In seiner Dissertation stellt H. Lührs zunächst eine stark synthetisierte Übersicht der Naturausstattung der Gras-Futterflächen für Paarhufer-Wiederkäuer vom Nardo-Galion bis zum Agropyro-Rumicion mit einer ausführlichen Erörterung der Verbände und ihrer verbreiteten (wichtigen) Assoziationen in den Vordergrund. Dieser empirische Beweis des Gegenstandes, über den Aussagen gemacht werden sollen – so unerläßlich er ist, weil damit eine chronologische und chorologische ‚Gebietsmonographie‘ vorgestellt wird – dient der Nachzeichnung des Industrialisierungsvorgangs in der Futtererzeugung. Mit jeder Modernisierung wird das Wissen der Bauern zerstört (s. Berger J., Imfeld A., Mandel E., Benholdt-Thomsen V., Gronemeyer M., Groeneveld S. u.a.) und die Abhängigkeit erhöht. Die Klärung der Rolle der ‚Wissenschaften‘ bei der Durchsetzung der Industrialisierung führt zur Darlegung einer Wissenschafts- und Disziplingeschichte der Grünlandforschung, der Pflanzensoziologie und der Landschaftspflege, der die Aufmerksamkeit der Vegetationskunde und der Landschaftsplanung gegenübergestellt wird.
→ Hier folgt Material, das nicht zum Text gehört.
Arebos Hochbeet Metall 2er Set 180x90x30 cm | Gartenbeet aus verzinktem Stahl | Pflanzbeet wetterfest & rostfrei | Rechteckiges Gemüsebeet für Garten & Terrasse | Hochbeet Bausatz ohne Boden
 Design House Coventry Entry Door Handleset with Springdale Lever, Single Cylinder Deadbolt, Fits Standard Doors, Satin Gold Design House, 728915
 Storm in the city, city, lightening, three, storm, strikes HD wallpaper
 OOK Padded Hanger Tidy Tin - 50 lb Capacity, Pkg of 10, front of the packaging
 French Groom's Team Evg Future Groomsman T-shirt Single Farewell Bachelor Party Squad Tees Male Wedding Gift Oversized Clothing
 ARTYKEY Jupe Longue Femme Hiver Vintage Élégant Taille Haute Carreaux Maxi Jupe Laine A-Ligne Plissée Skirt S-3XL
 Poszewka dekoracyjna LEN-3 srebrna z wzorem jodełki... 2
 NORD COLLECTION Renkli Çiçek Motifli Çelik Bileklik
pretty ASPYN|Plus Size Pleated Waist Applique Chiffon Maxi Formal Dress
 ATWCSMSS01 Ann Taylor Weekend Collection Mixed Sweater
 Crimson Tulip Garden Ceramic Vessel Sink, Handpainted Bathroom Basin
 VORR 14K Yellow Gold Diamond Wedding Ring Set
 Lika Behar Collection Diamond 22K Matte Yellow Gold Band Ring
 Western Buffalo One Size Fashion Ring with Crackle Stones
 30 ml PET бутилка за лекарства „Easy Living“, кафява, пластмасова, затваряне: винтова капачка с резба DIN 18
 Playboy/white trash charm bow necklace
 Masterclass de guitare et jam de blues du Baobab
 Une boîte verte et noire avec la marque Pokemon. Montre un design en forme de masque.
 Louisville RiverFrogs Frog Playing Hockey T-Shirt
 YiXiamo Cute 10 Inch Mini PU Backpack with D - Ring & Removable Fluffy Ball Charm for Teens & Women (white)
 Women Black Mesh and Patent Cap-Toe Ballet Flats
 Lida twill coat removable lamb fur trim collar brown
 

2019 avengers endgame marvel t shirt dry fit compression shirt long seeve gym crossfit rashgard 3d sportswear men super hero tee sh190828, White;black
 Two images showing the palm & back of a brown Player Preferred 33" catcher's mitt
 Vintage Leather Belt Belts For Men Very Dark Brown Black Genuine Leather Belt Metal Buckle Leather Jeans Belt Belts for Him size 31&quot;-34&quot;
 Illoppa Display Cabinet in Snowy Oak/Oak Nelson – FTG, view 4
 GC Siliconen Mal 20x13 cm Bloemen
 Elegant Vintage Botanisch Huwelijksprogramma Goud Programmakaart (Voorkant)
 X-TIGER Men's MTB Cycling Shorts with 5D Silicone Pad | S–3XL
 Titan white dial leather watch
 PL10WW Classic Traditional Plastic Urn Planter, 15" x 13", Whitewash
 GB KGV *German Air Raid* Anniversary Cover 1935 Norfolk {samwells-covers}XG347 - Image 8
Der wissens- und methoden-(wissenschafts)-theoretische Teil der Arbeit, der die Einsichten ermöglicht und begründet, hält eine exzellente Diskussion und Reflexion zur ‚Logik wissenschaftlicher Arbeit‘ in der Landschaftsplanung (i. e. S.) bereit.
Zur Warnung sei hinzugefügt, daß Naturschützer und Biotopisten sich den Erwerb dieser preiswerten Veröffentlichung sparen sollten, weil der Faktenpositivismus nur kritisiert vorkommt – wie denn auch wissenschaftsdesignte Technikmätzchen vollkommen fehlen. Für alle, die etwas übers Grünland – von der Hute bis zu wirtschaftsbedingten Flutrasen – verstehen wollen, sich auch auf literarische Funde, Kenntnisse, ‚politische‘ Einsichten und eine spannende Nachdenk-Literatur einlassen wollen, sei dieses Notizbuch nachdrücklich empfohlen.